Jules Verne

Or, ce n'était pas trop d'une nuit pour toutes les mesures à prendre, les affaires à régler. Aussi les employés du comptoir furent-ils réquisitionnés, au moment où ils allaient se remettre en quelque cabaret des abstinences de cette longue journée de jeûne. En outre, Nizib était là, très expéditif en ces occasions.

Quant à Bruno, il dut retourner à l'_Hôtel de Pesth_, Grande rue de Péra, où son maître et lui étaient descendus dans la matinée, afin de faire transporter immédiatement au comptoir tout le bagage de Van Mitten et le sien. L'obéissant Hollandais, que son ami ne perdait pas de vue, n'aurait point osé le quitter un seul instant.

«Ainsi, c'est bien décidé, mon maître? dit Bruno, au moment où il allait quitter le comptoir.

--Comment pourrait-il en être autrement avec ce diable d'homme! répondit Van Mitten.

--Nous allons faire le tour de la mer Noire?

--A moins que mon ami Kéraban ne change d'avis en route, ce qui n'est guère probable!

--De toutes les têtes de Turc sur lesquelles on tape dans les foires, répondit Bruno, je ne crois pas qu'il puisse jamais s'en trouver une aussi dure que celle-là!

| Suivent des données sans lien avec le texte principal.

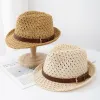 Men's Classic British-style Leather Strap Straw Fedora Hat sold by FloralTrip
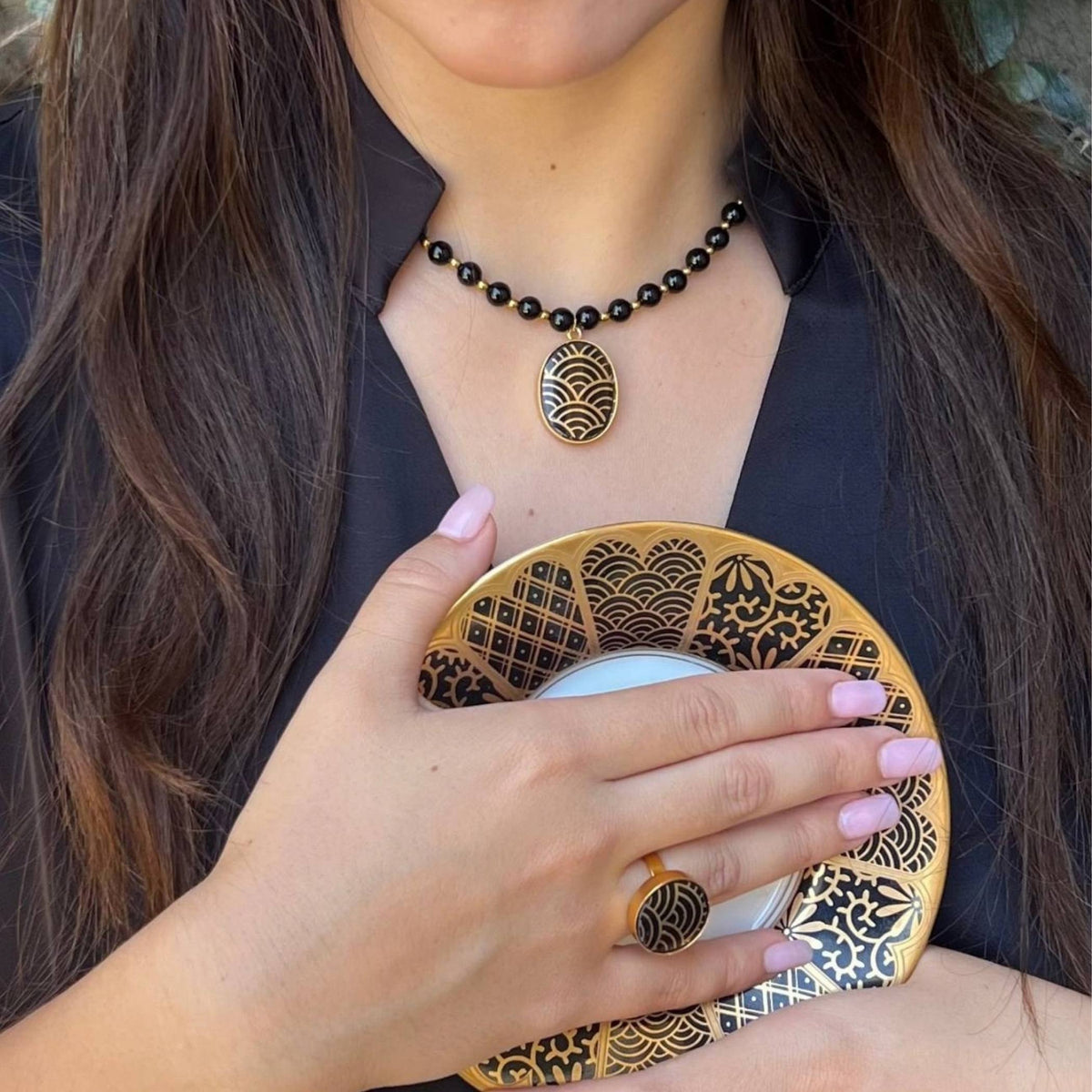 Fall Beaded Black Onyx Necklace with Black Gold Seigaiha Porcelain Pendant & Upcycled China Ring Set, Modern Vintage Porcelain Jewelry Gift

--Ta comparaison, si elle n'est pas respectueuse, est très juste, Bruno, répliqua Van Mitten. Aussi, comme je me briserais le poing sur cette tête, je me dispenserai, à l'avenir, de frapper dessus!

--J'espérais pourtant me reposer à Constantinople, mon maître! reprit Bruno! Les voyages et moi....

--Ce n'est point un voyage, Bruno, répondit Van Mitten, c'est tout simplement un autre chemin que prend mon ami Kéraban pour rentrer dîner chez lui!»

Cette façon d'envisager les choses ne rendit pas le calme à Bruno. Il n'aimait pas les déplacements, et il allait se déplacer pendant des semaines, des mois peut-être, à travers quelques pays variés, ce qui l'intéressait assez peu, mais difficiles et même dangereux, ce dont il se préoccupait davantage. De plus, avec les fatigues inhérentes à ces longs parcours, il arriverait à maigrir et, par conséquent, à perdre de ce poids normal,--cent soixante-sept livres!--auquel il tenait tant.

Et alors son éternel et lamentable refrain de revenir à l'oreille de son maître:

«Il vous arrivera malheur, monsieur, je vous le répète, il vous arrivera malheur!

--Nous le verrons bien, répondit le Hollandais; mais va toujours chercher mes bagages, pendant que j'achèterai un guide pour étudier ces divers pays, et un carnet pour noter mes impressions; puis, tu reviendras ici, Bruno, et tu te reposeras....

--Quand?...

--Quand nous aurons fait le tour de la mer Noire, puisqu'il est dans notre destinée de le faire!»

Sur cette réflexion fataliste, qu'un Musulman n'eût pas désavouée, Bruno, hochant la tête, quitta le comptoir et se rendit à l'hôtel. En vérité, ce voyage ne lui disait rien de bon!

Deux heures après, Bruno revenait avec plusieurs portefaix, munis de leurs crochets sans montants, retenus au dos par de fortes bretelles. C'étaient de ces indigènes, vêtus d'une étoffe feutrée, de bas de laine à côtes, coiffés d'un kalah brodé de soies multicolores, et chaussés de chaussures doubles, en un mot de ces hammals, que Théophile Gautier a si justement appelés «chameaux à deux pieds sans bosses».

La gibbosité, cependant, ne manquait point à ceux-ci, grâce aux nombreux colis qu'ils portaient sur leur dos. Tout cela fut déposé dans la cour du comptoir, et on commença à charger la chaise de poste, qui avait été tirée de sa remise.

Pendant ce temps, le seigneur Kéraban, en négociant soigneux, mettait ordre à ses affaires. Il visitait l'état de sa caisse, il vérifiait son journal, il donnait ses instructions au chef des employés, il écrivait quelques lettres, et prenait une grosse somme en or, le papier-monnaie, démonétisé en 1862, n'ayant plus cours. Kéraban ayant besoin d'une certaine quantité de monnaie russe pour la partie du parcours qui longeait le littoral de l'empire moscovite, son intention était de changer ses livres ottomans chez son ami, le banquier Sélim, puisque cet itinéraire l'obligeait à passer par Odessa.